Evet, ehl-i tahkikatın ittifakıyla, şakk-ı kamer ve parmaklarından su akması gibi bine bâliğ mucizâtından, had ve hesaba gelmez delâil-i nübüvvetinden başka, Kur’ân-ı Azîmüşşan gibi bir bahr-i hakaik ve kırk vech ile mucize olan mucize-i kübrâ, güneş gibi risaletini göstermeye kâfidir….

Sözler/Onuncu Söz /Mukaddemeden

*SÜNNET-İ SENİYE NOKTASINDA BU İSİMDEN/SIFATTAN HİSSEMİZ;*

*Yâ Rab! Şu Resul-i Ekrem Aleyhissalâtü Vesselâmın bereketi hürmetine, bize ihsan ettiğin maddî ve mânevî rızkımıza bereket ihsan et*!

ESMA VE SIFAT-I NEBİ NOTLARI - ( ŞEREF-İ NEV-İ İNSAN A.S.M )

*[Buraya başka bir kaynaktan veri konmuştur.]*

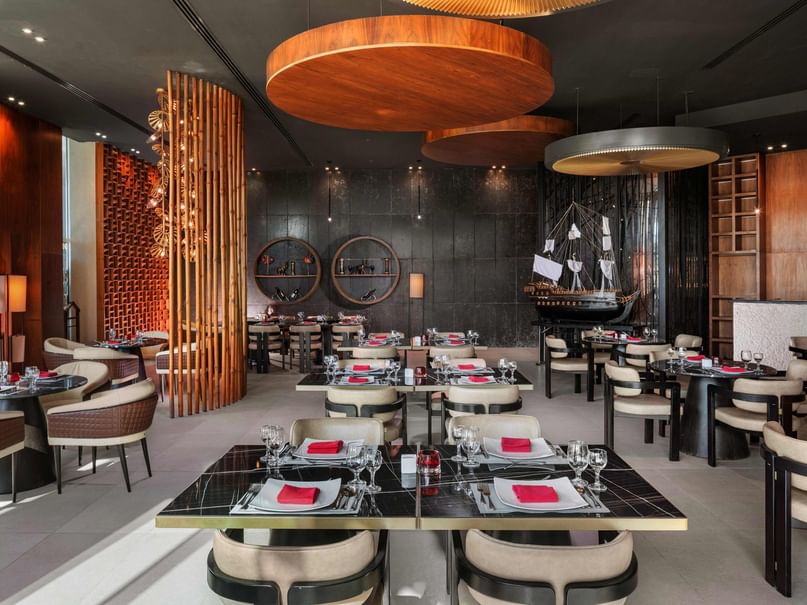 Elegant restaurant interior with round wooden tables, modern chairs, and decorative wooden elements on the walls and ceiling.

“ Bismillâhirrahmânirrahim..”

61 -*ŞEREF-İ NEV-İ İNSAN* *(A.S.M)*

Anlamı: Cenab-ı Hakka itâat ve ubudiyyeti ve yüksek hizmeti ile ihsanına mazhariyette İnsanlığın en büyük değeri, en makbulü, en yüksek makamın mazharı, İftihâr sebebi, şerefi olan Hz. Muhammed A.S.M

…Acaba bütün efâzıl-ı benî Âdemi arkasına alıp, arz üstünde durup, Arş-ı Âzama müteveccihen el kaldırıp dua eden şu şeref-i Nev-i insan ve ferîd-i kevn ü zaman ve bihakkın fahr-i kâinat ne istiyor?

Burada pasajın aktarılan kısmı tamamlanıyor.